Kamis, 20 Oktober 2011

MENARIK ORANG DARI SHAF

(5) Menarik Orang Dari Shaf

Disini akan kita bahas mengenai hukum menarik orang lain dari shaf yang ada di depannya untuk membentuk shaf baru. Abu Yahya Zakaria Al-Anshari dalam kitab Fathul Wahhab memaparkan sebagai berikut : Jika shaf di depannya masih longgar, maka masuklah ke dalam shaf. Dan jika shaf sudah penuh, maka langsung melakukan takbiratul ihram di belakang shaf sendirian, kemudian menarik satu orang dari shaf yang ada di depannya agar terbentuk shaf baru. Dan bagi orang yang ditarik disunatkan untuk menolong orang yang menariknya, sehingga dapat terbentuk shaf baru, dan agar masing-masing mendapatkan keutamaan tolong menolong (Ta’aawun)[4] Dalilnya adalah ayat yang menerangkan tentang keutamaan tolong menolong dalaam kebaikan sebagaimana firman Allah :

وَتَعَاوَنُوا عَلَى الْبِرِّ وَالتَّقْوَى

Dan tolong-menolonglah kamu dalam (mengerjakan) kebajikan dan takwa (QS.Al-Maidah :2)
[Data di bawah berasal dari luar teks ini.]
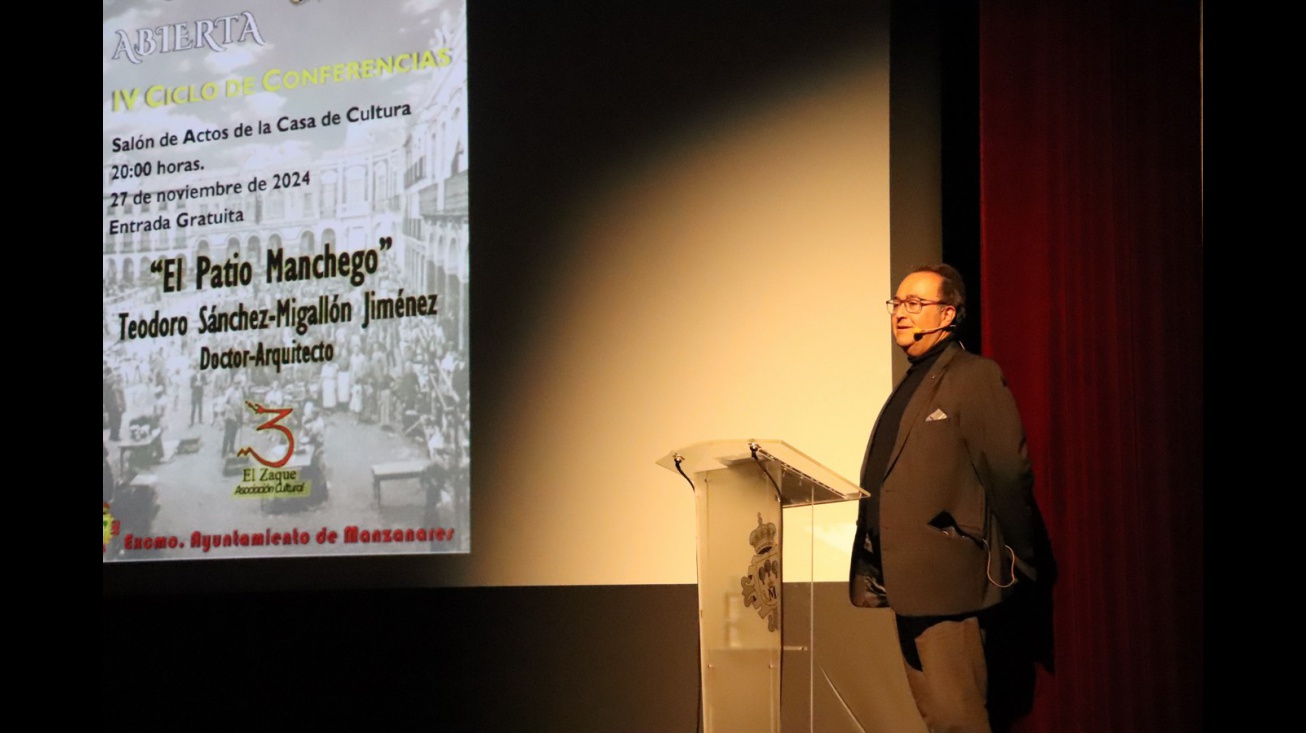 Aula Abierta El patio manchego_Teodoro Sánchez-Migallón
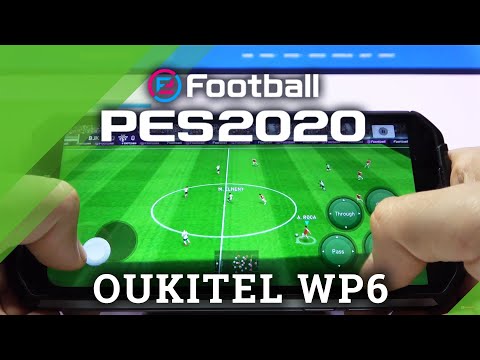 Pro Evolution Soccer Gameplay on Oukitel WP6 - PES Mobile Performance Test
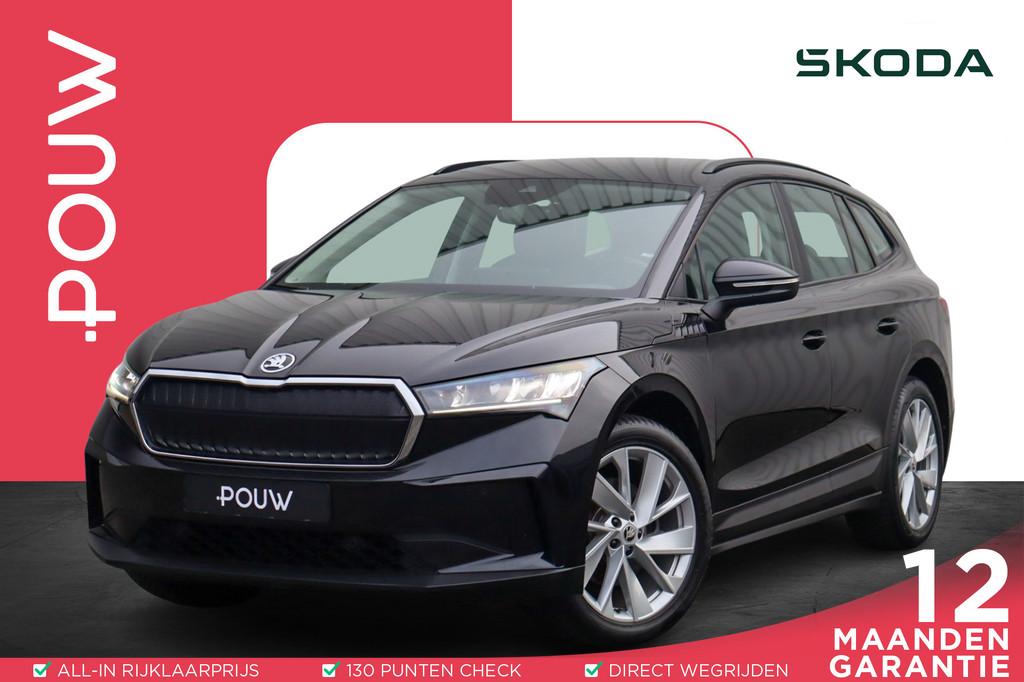 Skoda Enyaq 60 180pk | SoH 94% | Trekhaak | Stoelverwarming, Auto's, Skoda, Automaat, Gebruikt, Das WeltAuto Volkswagen, 179 pk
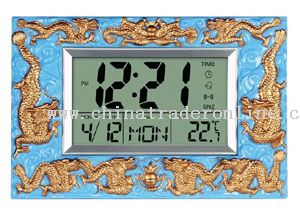 LCD Clock from China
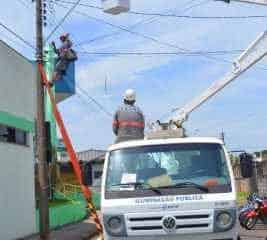 O trabalho foi feito na terça-feira (23)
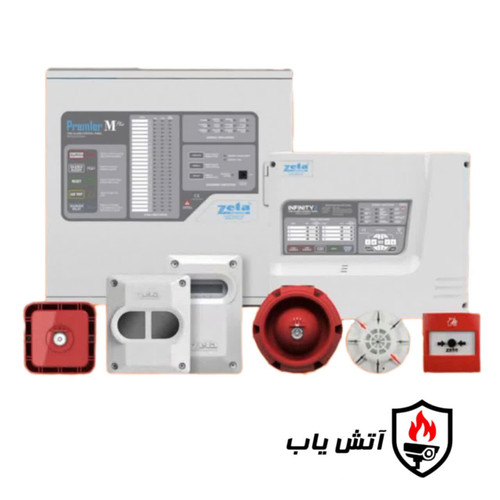 سیستم اعلام حریق زتا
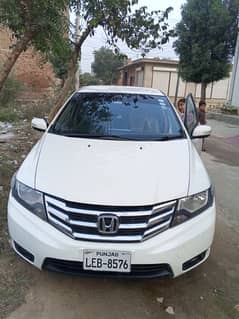 Honda City IVTEC 2015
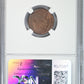 1922-D Lincoln Wheat Cent 1C NGC MS62BN CAC Reverse Slab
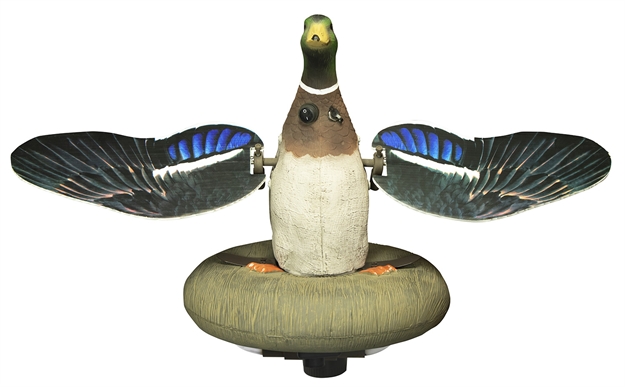 Picture of  Higdon Outdoors 53077 XS Splashing Flasher  Mallard Drake Species Multi Color Features Built-In Timer 710617530776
حَدَّثَنَا مُحَمَّدُ بْنُ عُمَرَ بْنِ عَلِيِّ بن عطاء بن مُقَدَّمٍ، حَدَّثَنَا يُوسُفُ بْنُ يَعْقُوبَ بن أبي القاسم السَّدُوسِيُّ، حَدَّثَنَا التَّيْمِيُّ عَنْ أَبِي مِجْلَزٍ عَنْ قَيْسِ بنِ عُبَادٍ قَالَ : بَيْنَمَا أَنَا بِالْمَدِيْنَةِ فِي الْمَسْجِدِ فِي الصَّفِّ الْمُقَدَّمِ قَائِمٌ أُصَلِّيْ، فَجَبَذَنِي رَجُلٌ مِنْ خَلْفِي جَبْذَةً فَنَحَّانِي وَقَامَ مَقَامِي قال : فَوَاللَّهِ مَا عَقَلْتُ صَلَاتِي، فَلَمَّا انْصَرَفَ فَإِذَا هُوَ أُبَيُّ بْنُ كَعْبٍ، فقال : فَقَالَ يَا فَتَى لَا يَسُؤْكَ اللَّهُ إِنَّ هَذَا عَهْدٌ مِنْ النَّبِيِّ صَلَّى اللَّهُ عَلَيْهِ وَسَلَّمَ إِلَيْنَا أَنْ نَلِيَهُ، ثُمَّ اسْتَقْبَلَ الْقِبْلَةَ فَقَالَ هَلَكَ أَهْلُ الْعُقَدَةِ وَرَبِّ الْكَعْبَةِ –ثَلَاثًا- ثُمَّ قَالَ : وَاللَّهِ مَا عَلَيْهِمْ آسَى وَلَكِنْ آسَى عَلَى مَنْ أَضَلُّوا – قالَ : قُلْتُ : مَا تَعْنِيْ بِهَذَا (بِأَهْلِ الْعُقَدِ)؟ قَالَ : الْأُمَرَاءُ. (رواه ابن خزيمة : 1488 – صحيح ابن خزيمة – المكتبة الشاملة – جماع ابواب قيام المأمومين خلف الإمام– الجزء : 6 – صفحة : 55)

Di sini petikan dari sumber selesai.